Thursday, December 4, 2014

Published 9:30 AM by with 0 comment

Helicopter Parents in the Classroom

Are you guilty of helicopter parenting in the classroom? 

When you come into teaching one of the things that you are warned about is helicopter parents

A helicopter parent is one who hovers over the classroom and nitpicks at everything the teacher does. It is not constructive criticism. It is the nagging person that makes a teacher feel uncomfortable. 

Effective classroom parents vs. Helicopter parents

Don’t get me wrong! I love classroom parents; specifically the ones who are genuinely interested in making the classroom better as well as improving their child’s educational experience. I will tell you the difference between the two. A helicopter parent makes sure every move you make is reported to administration; good, bad or indifferent. They try and take over the classroom as if it were theirs. They also harp on their child being the best and brightest in the classroom; even when the child does not want it. 

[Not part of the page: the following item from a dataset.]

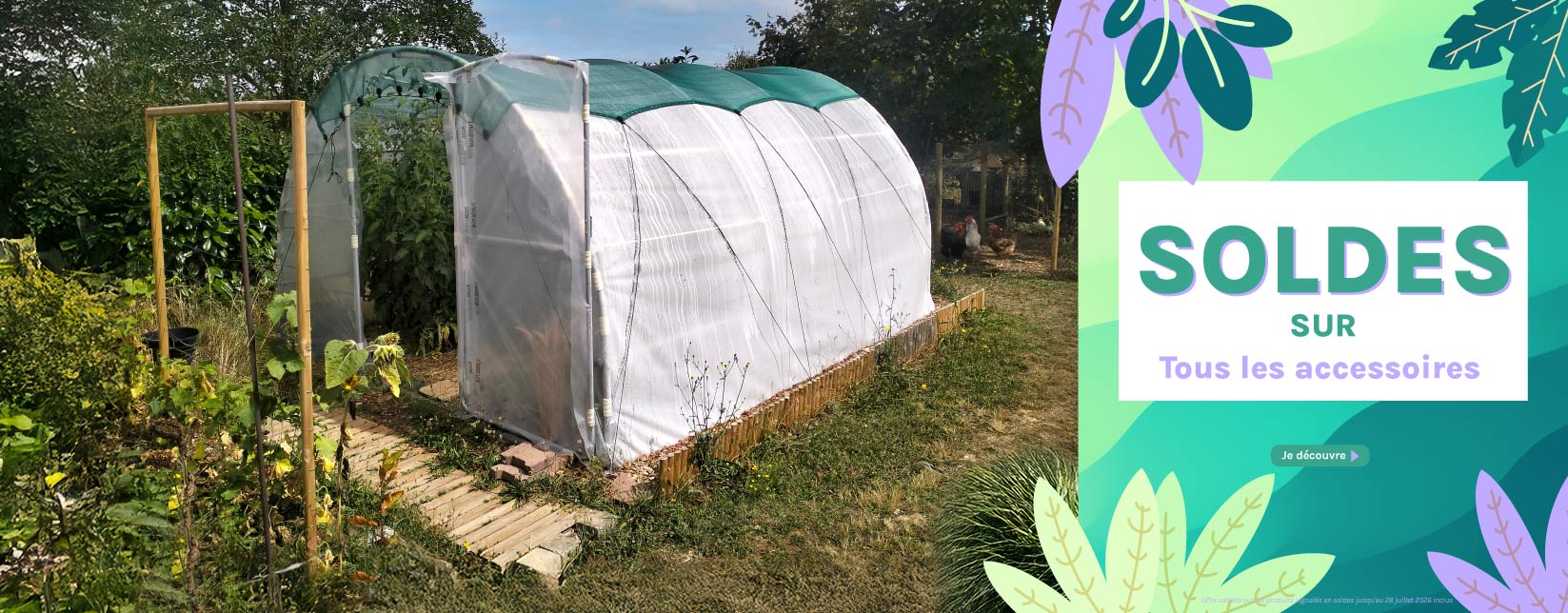 photo-serre-dans-jardin-avec-voile-d-ombrage-decouvrez-les-soldes-sur-nos-accessoires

An excellent classroom parent makes sure that all children are doing well. They know that their child is not perfect and will allow the teacher to run the classroom with supportive help from them. This help includes making copies, providing classroom treats, and assisting students in classwork. 

I have had my share of both and I have learned how to handle both. I appreciate all of them because any parental involvement is a plus in all situations. 

Here are some tips on how to be a great asset to any classroom.

1. Ask the teacher what their needs are. This will ensure that boundaries are set
2. Be involved with your child’s education and make sure you keep an open communication regarding grades, activities, and all around needs

3. Team work makes the dream work. Work with the teacher and express your concerns and things that will help. Believe me it will be accepted. Most educators love to grow and make things easier!

With all of these things in place, you and your child’s teacher can build a relationship that lasts beyond the classroom.